A picture-free, exact reproduction of the listing that follows is required.
---------------
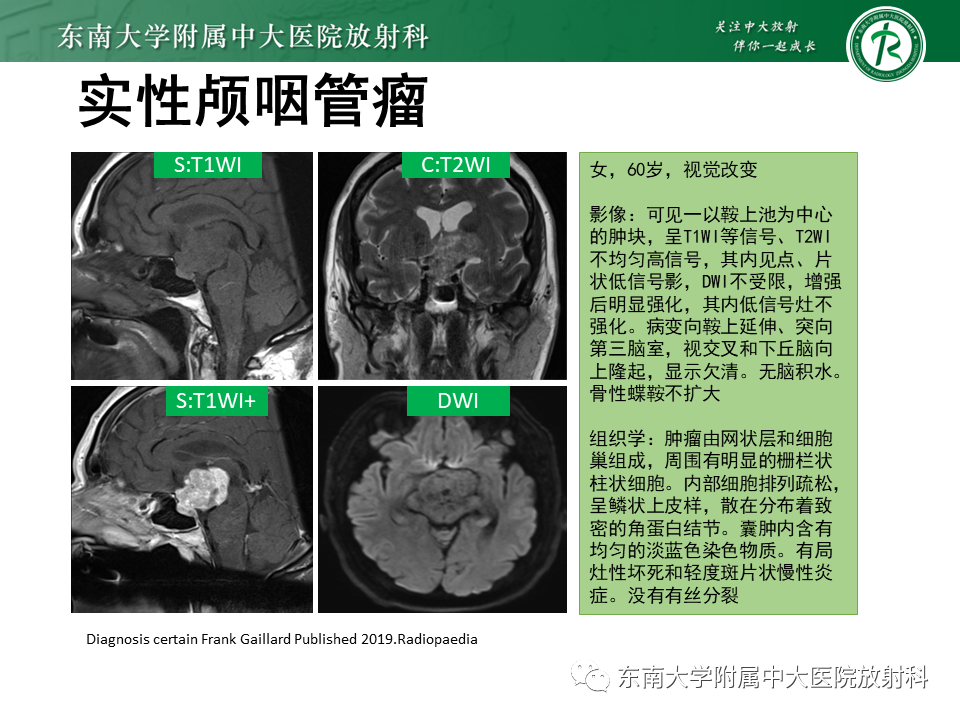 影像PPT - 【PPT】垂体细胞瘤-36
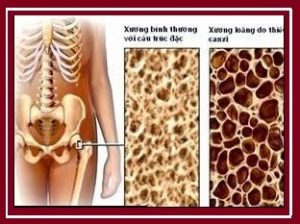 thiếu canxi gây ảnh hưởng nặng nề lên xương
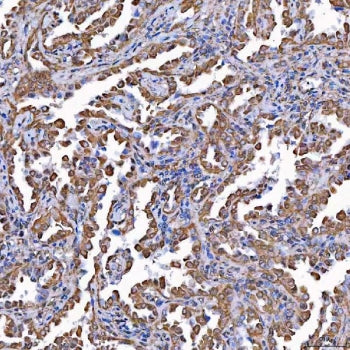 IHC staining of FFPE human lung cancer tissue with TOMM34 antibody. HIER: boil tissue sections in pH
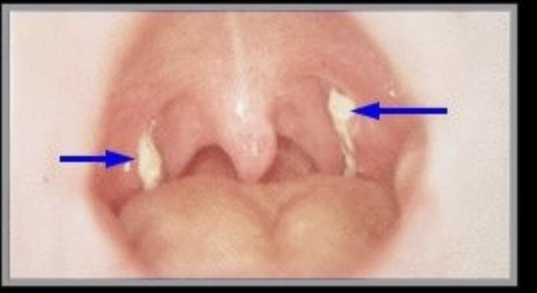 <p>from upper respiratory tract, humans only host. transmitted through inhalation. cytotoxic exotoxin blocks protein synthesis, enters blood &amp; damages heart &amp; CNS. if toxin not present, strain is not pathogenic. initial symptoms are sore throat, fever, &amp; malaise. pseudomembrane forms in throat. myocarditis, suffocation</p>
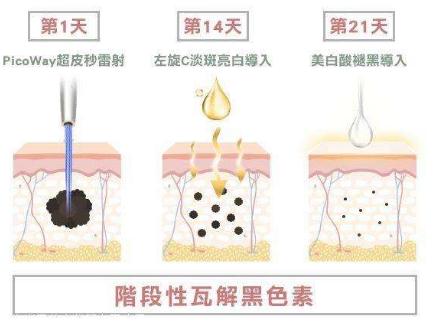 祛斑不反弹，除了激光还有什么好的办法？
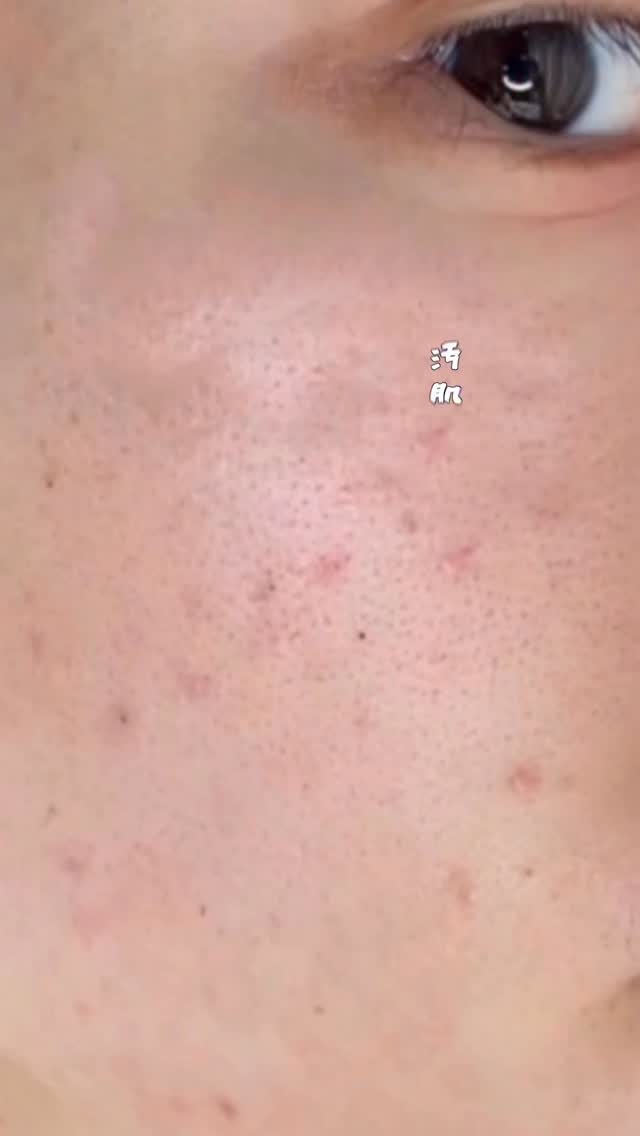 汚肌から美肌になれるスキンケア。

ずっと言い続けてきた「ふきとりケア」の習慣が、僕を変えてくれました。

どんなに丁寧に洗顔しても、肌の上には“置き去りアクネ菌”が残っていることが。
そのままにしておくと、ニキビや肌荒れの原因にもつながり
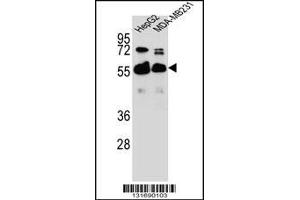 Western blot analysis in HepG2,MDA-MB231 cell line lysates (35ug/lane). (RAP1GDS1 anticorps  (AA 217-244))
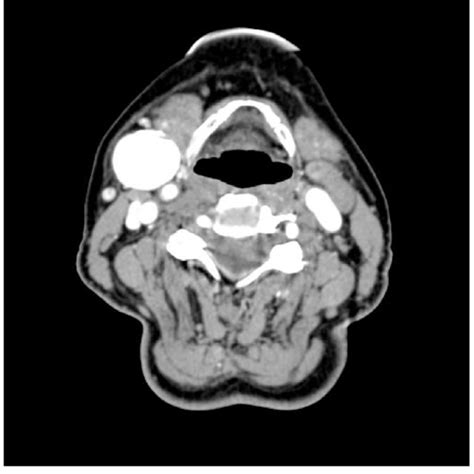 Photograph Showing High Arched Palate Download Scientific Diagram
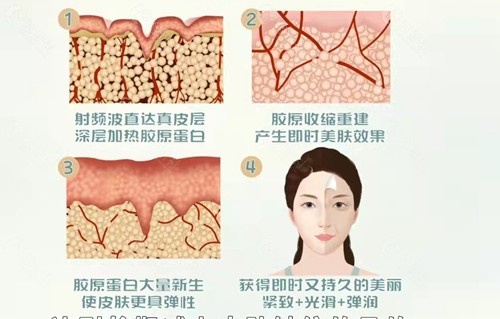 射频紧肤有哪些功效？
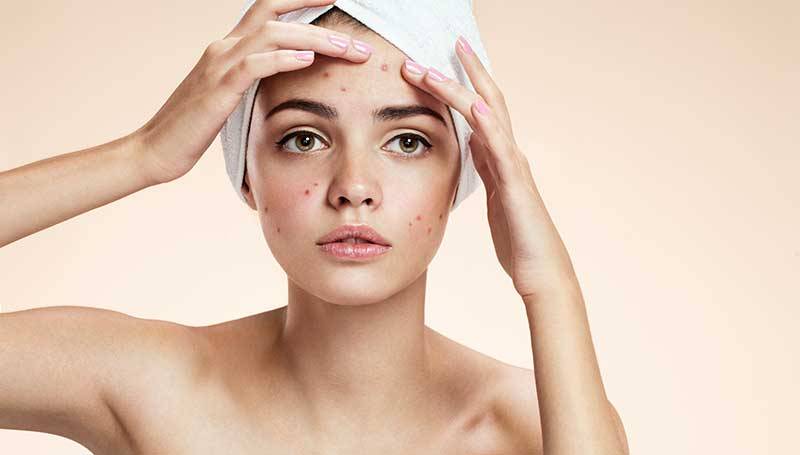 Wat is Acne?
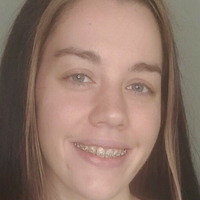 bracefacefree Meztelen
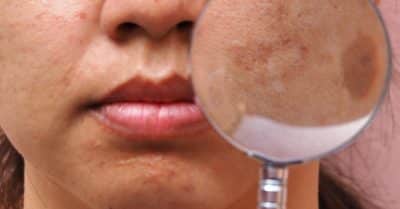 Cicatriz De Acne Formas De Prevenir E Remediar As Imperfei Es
---------------
* **REPLY TO THE EXERCISE**:
 影像PPT - 【PPT】垂体细胞瘤-36
 thiếu canxi gây ảnh hưởng nặng nề lên xương
 IHC staining of FFPE human lung cancer tissue with TOMM34 antibody. HIER: boil tissue sections in pH
 <p>from upper respiratory tract, humans only host. transmitted through inhalation. cytotoxic exotoxin blocks protein synthesis, enters blood &amp; damages heart &amp; CNS. if toxin not present, strain is not pathogenic. initial symptoms are sore throat, fever, &amp; malaise. pseudomembrane forms in throat. myocarditis, suffocation</p>
 祛斑不反弹，除了激光还有什么好的办法？
 汚肌から美肌になれるスキンケア。

ずっと言い続けてきた「ふきとりケア」の習慣が、僕を変えてくれました。

どんなに丁寧に洗顔しても、肌の上には“置き去りアクネ菌”が残っていることが。
そのままにしておくと、ニキビや肌荒れの原因にもつながり
 Western blot analysis in HepG2,MDA-MB231 cell line lysates (35ug/lane). (RAP1GDS1 anticorps  (AA 217-244))
 Photograph Showing High Arched Palate Download Scientific Diagram
 射频紧肤有哪些功效？
 Wat is Acne?
 bracefacefree Meztelen
 Cicatriz De Acne Formas De Prevenir E Remediar As Imperfei Es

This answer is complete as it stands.